57 F.R.D. 79 | D. Minnesota | 1972
MEMORANDUM AND ORDER
For consideration are Motions to dismiss these actions alleging violations of the Federal Securities laws by four corporate defendants: Investors Diversified Services, Inc. (IDS), IDS Securities Corporation (IDSS), Investors Mutual, Inc. (Mutual), and Investors Variable Payment Fund, Inc. (Variable); and numerous individual defendants who are directors or officers of one or more of the corporate defendants, but who have never been served.
Plaintiff’s amended Complaints state four derivative causes of action on behalf of Mutual and Variable against IDS and IDSS, which essentially allege that IDS charged the Funds excessive fees for advisory services, that the services were inadequate, and that the Funds’ directors failed to seek competitively lower fees through arms’ length negotiations.
The four corporate defendants move to dismiss the Amended Complaints under Rules 12(b)(6), 12(c), 41(b) and 56, F.R.Civ.P., for plaintiff’s failure to comply with the requirements of Rule 23.1, F.R.Civ.P. Defendants allege that the complaints, fail because of plaintiff’s failure to make demand upon, or to set forth with particularity legally sufficient reasons for her failure to make such demand upon, the directors and shareholders of the Funds to take the action against which the Complaints are directed.
Plaintiff admits that she has made no demand upon the directors of the two funds. She simply states in her Amended Complaints that “demand upon the Fund to bring this action would be futile because the Defendants [IDS and IDSS] control the Fund.” (Para. 26 of the Variable and Para. 27 of the Mutual Amended Complaints.)
In relevant part Rule 23.1 provides:
“The complaint shall also allege with particularity the efforts, if any, made by the plaintiff to obtain the action he desires from the directors or comparable authority and, if necessary, from the shareholders or members, and the reasons for his failure to obtain the action or for not making the effort.”
Under this rule the Complaint must go beyond a mere allegation of “futility” to excuse demand upon the directors and shareholders.

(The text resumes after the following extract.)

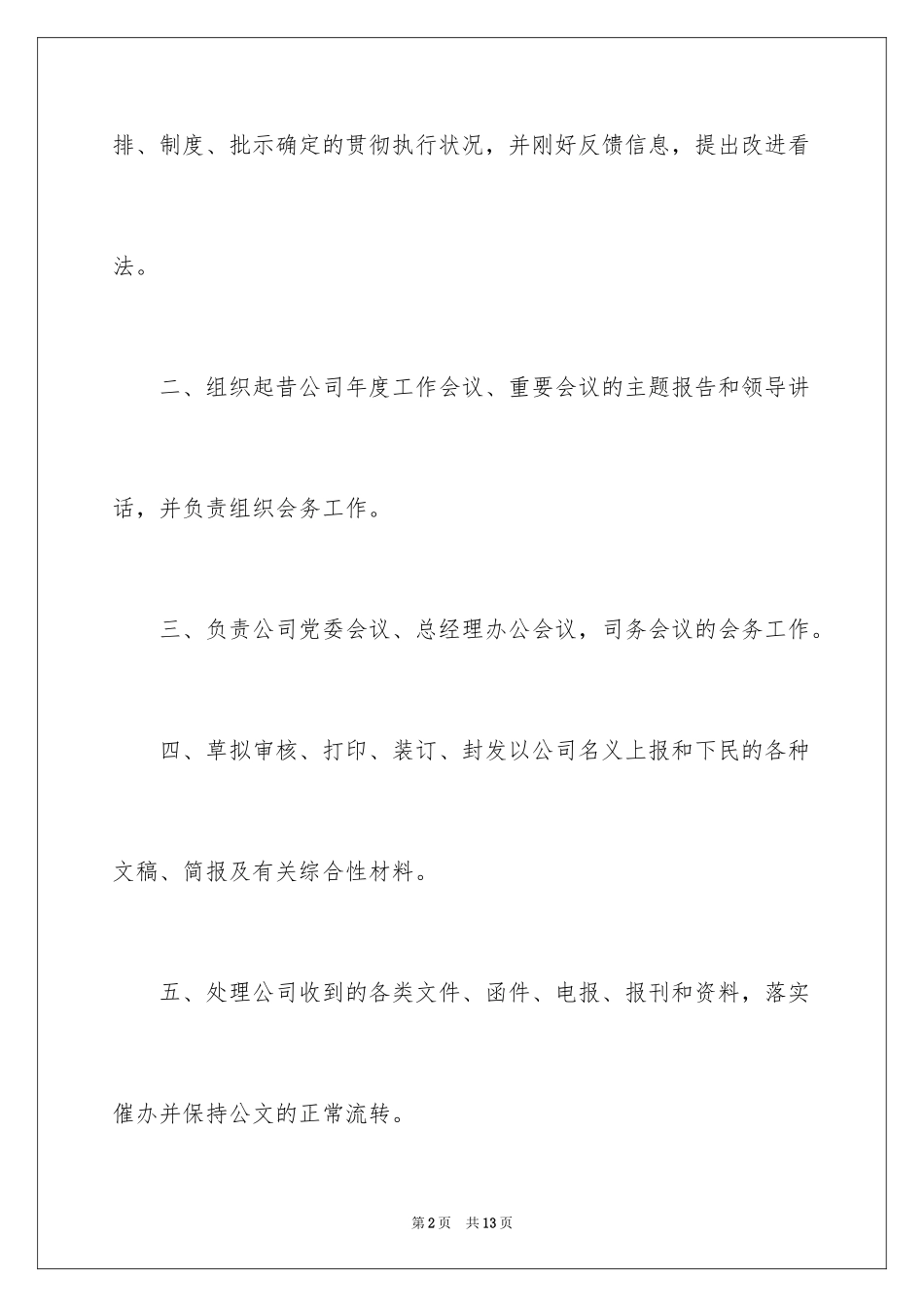 2024公司综合部经理岗位职责_第2页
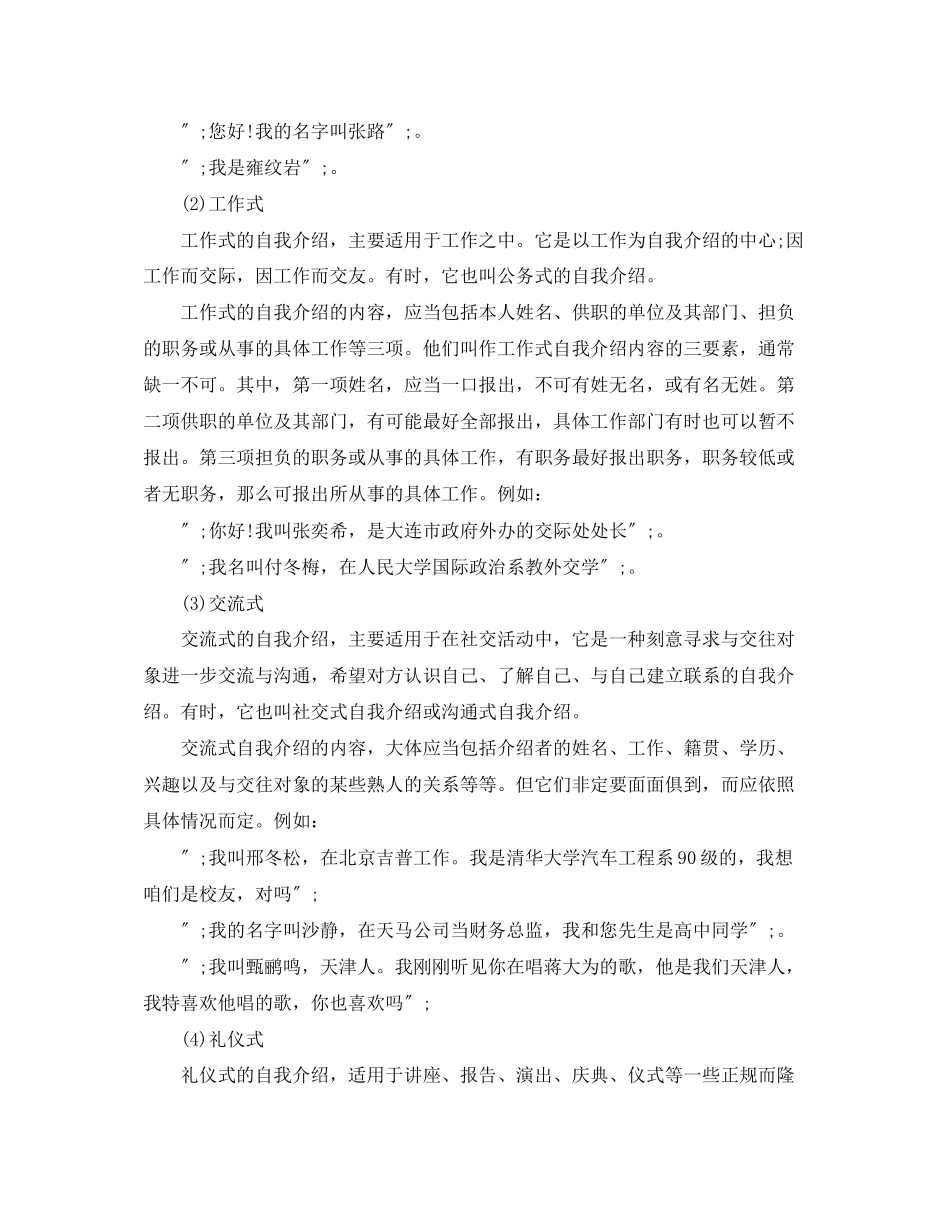 2023年电商单招面试自我介绍.docx_第2页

Lucking v. Delano, 117 F.2d 159,160 (6th Cir. 1941). See Quirke v. St. Louis-San Francisco Ry. Co., 277 F.2d 705 (8th Cir. 1960), cert. denied 363 U.S. 845, 80 S.Ct. 1615, 4 L.Ed.2d 1728, reh. denied, 364 U.S. 855, 81 S.Ct. 35, 5 L.Ed.2d 80.

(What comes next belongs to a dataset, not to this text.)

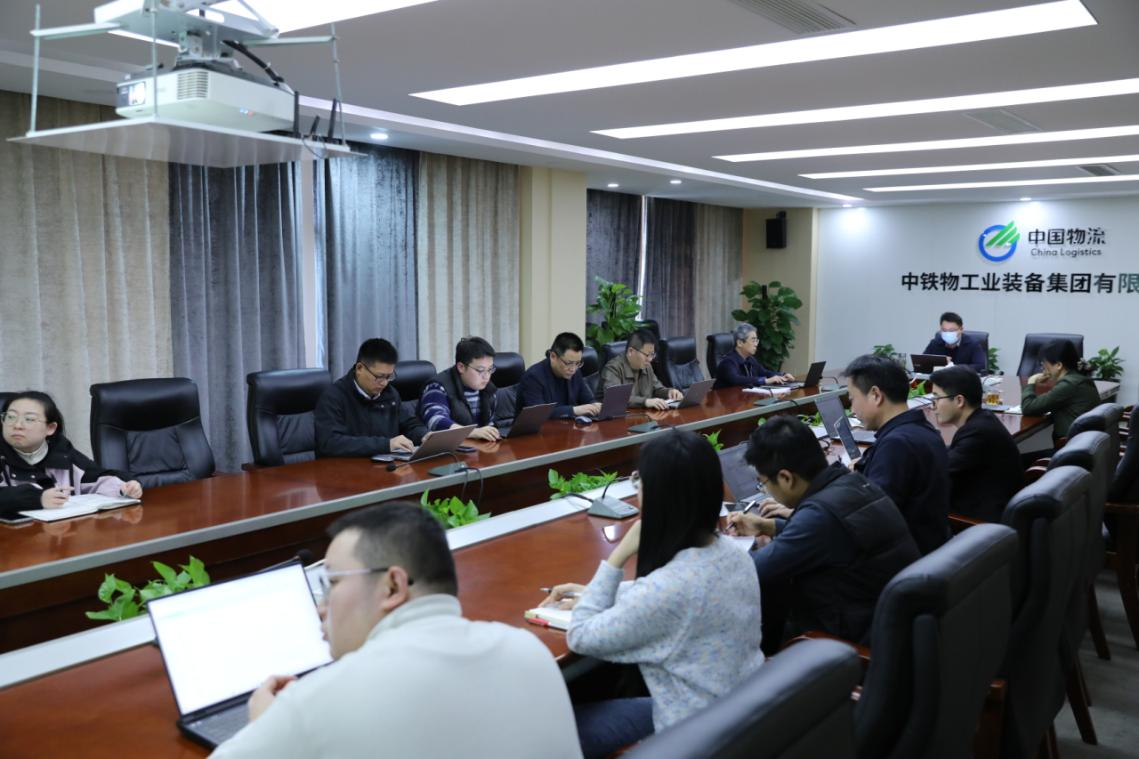 中国铁物工业集团举办物流业务合规培训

The parties have filed affidavits. I am satisfied from the showing made that most of the directors are independent of IDS and IDSS. All but two, or possibly three, of the directors are their own men, engaged in business or professional occupations with no connection to IDS and IDSS. A recital of the names and backgrounds of a few of them argue against their being puppets — Former Army Chief of Staff Mark W. Clark, Former Purdue University President Frederick L. Hovde, Former Carleton College President Lawrence M. Gould, and Minneapolis Industrialists Clifford H. Anderson and John C. Cornelius. Affidavits of officers of the Funds, Vice-President and General Counsel Robert Ersted and Secretary William C. Herber, represent that Directors of the Funds will give prompt, objective con
I conclude that IDS and IDSS do not control the Boards of Directors of the Funds and hence demand upon the Directors for that reason would not be futile. Plaintiff should be required to make the demand.
The Funds’ Directors were not personally served in this action — apparently by agreement of counsel. It is not clear that the independent Directors know of and understand the claim of plaintiff. A demand on the Directors will tell them, and independent counsel may advise them as to their duty in the premises.
Nothing will be lost to the plaintiff by being required to make demand on the Directors — there is no Statute of Limitations problem — and much may be gained by relieving the Court of an unnecessary burden and affording the Funds an opportunity “to vindicate [their] own rights,” a desirable result. Cohen v. Beneficial Industrial Loan Corp., 337 U.S. 541, 548, 69 S.Ct. 1221, 1226, 93 L.Ed. 1528 (1949). A comprehensive and valuable discussion of the principles involved and a citation of pertinent cases is contained in the new Wright and Miller Federal Practice and Procedure: Civil § 1831.
It is premature to decide the need to make demand on the shareholders precedent to bringing action, but I am satisfied that plaintiff, in this case and on these facts, should be required to first make demand on the Funds’ Directors. Absent action by the Directors, the plaintiff may renew her action.
Without prejudice, the motion of defendants is granted.